Breadth and Integration of Services: multi-family offices provide a wide array of services and typically oversee their clients’ entire financial universe. Multi-family offices will have full information about their clients investments, tax situation, estate plan and family dynamics. With this information the multi-family offices can assist in structuring and administering the clients’ financial universe in an optimal fashion.

Professionals with Diverse Skills and Deep Specialties: multi-family office professionals provide a wide array of advice and assistance to their clients. multi-family offices also have to be able to provide specialty knowledge on certain topics such as: income taxation, estate planning, and investments.

High Touch Services: multi-family offices have high average account sizes (usually in the tens of millions) and low client to employee ratios (around 3 to 1 range). Large account sizes combined with low client-to-employee ratios allows a great deal of focus and attention on each client family. Meetings with clients often occur many times a year.

Multi-Generational Planning: multi-family offices typically work with an entire family – the patriarch/matriarch, their children and grandchildren. Planning encompasses the family’s goals which typically includes passing wealth down to lower generations in a tax efficient manner. Children and grandchildren are clients and are counseled on investments, taxes, estate planning, and philanthropy from an early age. Multi-family offices often coordinate and moderate family meetings for their client families.

Outsourcing: multi-family offices do not typically provide all services in-house. It is common for some of the investment management to be outsourced to independent money managers. Custody and tax return preparation are also commonly outsourced.

Focus on Taxable Investor: Most multi-family offices have a myopic focus on taxable investors as the bulk of their client's assets are subject to short and long term capital gains. This is unique to very high net worth families. Most investment research (academic and financial service industry) is geared toward the institutional investor and foundations (with very different tax concerns than individuals and families). The bulk of the research done for the individual investor relates to 401ks and IRAs.

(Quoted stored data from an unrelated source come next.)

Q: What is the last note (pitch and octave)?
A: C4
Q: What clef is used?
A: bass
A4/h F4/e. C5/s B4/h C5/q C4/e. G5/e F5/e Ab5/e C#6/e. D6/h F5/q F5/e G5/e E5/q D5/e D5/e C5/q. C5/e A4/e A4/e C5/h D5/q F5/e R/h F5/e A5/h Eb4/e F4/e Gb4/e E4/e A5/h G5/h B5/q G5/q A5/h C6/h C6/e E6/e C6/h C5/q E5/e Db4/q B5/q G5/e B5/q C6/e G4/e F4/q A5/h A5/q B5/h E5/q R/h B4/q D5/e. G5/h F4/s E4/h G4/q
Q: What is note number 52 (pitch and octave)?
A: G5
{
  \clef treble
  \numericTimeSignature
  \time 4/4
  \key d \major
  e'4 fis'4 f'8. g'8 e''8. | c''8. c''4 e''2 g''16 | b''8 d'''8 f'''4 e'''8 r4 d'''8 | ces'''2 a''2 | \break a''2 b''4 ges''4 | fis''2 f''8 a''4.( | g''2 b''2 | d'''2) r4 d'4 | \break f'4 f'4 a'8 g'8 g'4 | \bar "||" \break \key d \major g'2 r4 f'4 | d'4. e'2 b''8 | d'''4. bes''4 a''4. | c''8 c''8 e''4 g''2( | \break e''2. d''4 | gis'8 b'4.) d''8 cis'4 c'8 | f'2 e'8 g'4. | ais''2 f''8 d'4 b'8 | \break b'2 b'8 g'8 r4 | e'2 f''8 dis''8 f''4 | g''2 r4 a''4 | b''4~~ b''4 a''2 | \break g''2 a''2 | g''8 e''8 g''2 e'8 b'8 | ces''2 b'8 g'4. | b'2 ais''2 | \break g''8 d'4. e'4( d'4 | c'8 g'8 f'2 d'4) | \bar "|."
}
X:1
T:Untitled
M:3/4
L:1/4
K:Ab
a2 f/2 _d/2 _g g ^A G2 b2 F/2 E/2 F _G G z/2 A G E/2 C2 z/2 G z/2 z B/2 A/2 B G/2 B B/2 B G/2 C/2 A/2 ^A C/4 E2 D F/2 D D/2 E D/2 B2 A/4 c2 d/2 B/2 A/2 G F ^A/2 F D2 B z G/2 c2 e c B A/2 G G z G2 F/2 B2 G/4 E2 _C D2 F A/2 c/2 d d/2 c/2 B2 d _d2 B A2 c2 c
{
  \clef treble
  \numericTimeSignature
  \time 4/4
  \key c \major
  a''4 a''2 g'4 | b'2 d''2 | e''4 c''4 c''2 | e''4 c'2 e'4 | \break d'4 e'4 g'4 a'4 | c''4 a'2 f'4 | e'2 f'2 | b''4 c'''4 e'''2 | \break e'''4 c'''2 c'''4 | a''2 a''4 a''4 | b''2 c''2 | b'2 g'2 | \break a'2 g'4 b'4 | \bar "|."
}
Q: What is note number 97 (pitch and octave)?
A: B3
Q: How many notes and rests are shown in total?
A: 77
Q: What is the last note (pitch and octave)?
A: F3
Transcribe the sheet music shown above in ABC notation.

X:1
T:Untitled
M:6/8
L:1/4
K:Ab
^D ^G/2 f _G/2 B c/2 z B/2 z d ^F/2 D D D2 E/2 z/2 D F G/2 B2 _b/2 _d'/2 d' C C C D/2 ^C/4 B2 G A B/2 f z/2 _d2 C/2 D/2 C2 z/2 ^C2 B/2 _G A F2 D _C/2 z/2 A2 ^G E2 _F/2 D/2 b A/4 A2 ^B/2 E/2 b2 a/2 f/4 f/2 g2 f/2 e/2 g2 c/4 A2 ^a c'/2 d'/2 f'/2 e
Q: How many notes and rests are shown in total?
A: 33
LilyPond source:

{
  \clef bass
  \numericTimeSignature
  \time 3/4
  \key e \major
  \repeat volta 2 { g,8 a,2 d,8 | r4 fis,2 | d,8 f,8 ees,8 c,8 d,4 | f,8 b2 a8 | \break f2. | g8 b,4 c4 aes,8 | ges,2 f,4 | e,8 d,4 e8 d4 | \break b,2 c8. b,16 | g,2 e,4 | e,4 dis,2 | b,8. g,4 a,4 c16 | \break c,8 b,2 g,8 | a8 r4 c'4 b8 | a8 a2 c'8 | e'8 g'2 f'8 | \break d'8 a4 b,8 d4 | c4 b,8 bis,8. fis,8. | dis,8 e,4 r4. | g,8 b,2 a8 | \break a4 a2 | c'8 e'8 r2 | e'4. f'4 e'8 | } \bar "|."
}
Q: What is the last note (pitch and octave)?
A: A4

Benefits of Multi-family offices 
Multi-family offices may have one or more of the following benefits:

•Objective financial advice
•Creative solutions to financial issues
•Clearinghouse for financial, investment, tax and estate planning ideas
•Services are typically “all you can eat” for asset based fee
•Advice from professional team with diverse backgrounds
•Coordination of other advisers
•Proactive advice – a function of low client to employee ratio and frequency of meetings
•Delivery of “best of breed” money managers, custody, insurance, loans, etc.
•Negotiated cost savings with other financial providers (e.g. investment management, custody, trading costs)
•Integration of client’s estate planning, income taxes, investments, philanthropic goals and family situation

Typical services provided
•Trustee Services
•Coordination of Professionals
•Cash Management
•Global Asset Allocation and Investment Strategy Consulting•Comprehensive Performance Reporting
•Investment Manager Selection and Monitoring
•Portfolio Management
•Estate Planning
•Philanthropic Planning
•Life Insurance Analysis
•Debt Structure and Analysis – Bank Financing
•Tax Return Preparation
•Foundation Management
•Entity Administration (FLPs, CLTs, CRTs, Installment Sales, etc.)
•Aircraft Consulting
•Risk Management & Asset Protection Consulting
•Fraud Detection/Accountability
•Real Estate Management
•Family Business Advisory
•Family Counseling/Family Meetings
•Sufficiency and Retirement Planning
•Document Management and Recordkeeping
•Bill Payment Services
•Personal Financial Statement Preparation

• The term Multi-Family Office (“MFO”) is becoming commonplace in the financial services market.

• The industry grew to $170 Billion of assets under management in 2003, a 17% increase over the prior year; in 2004, the increase was 26.6%

• Multi-Family Offices manage an estimated 10% of the wealth of all ultra-high-net-worth-families.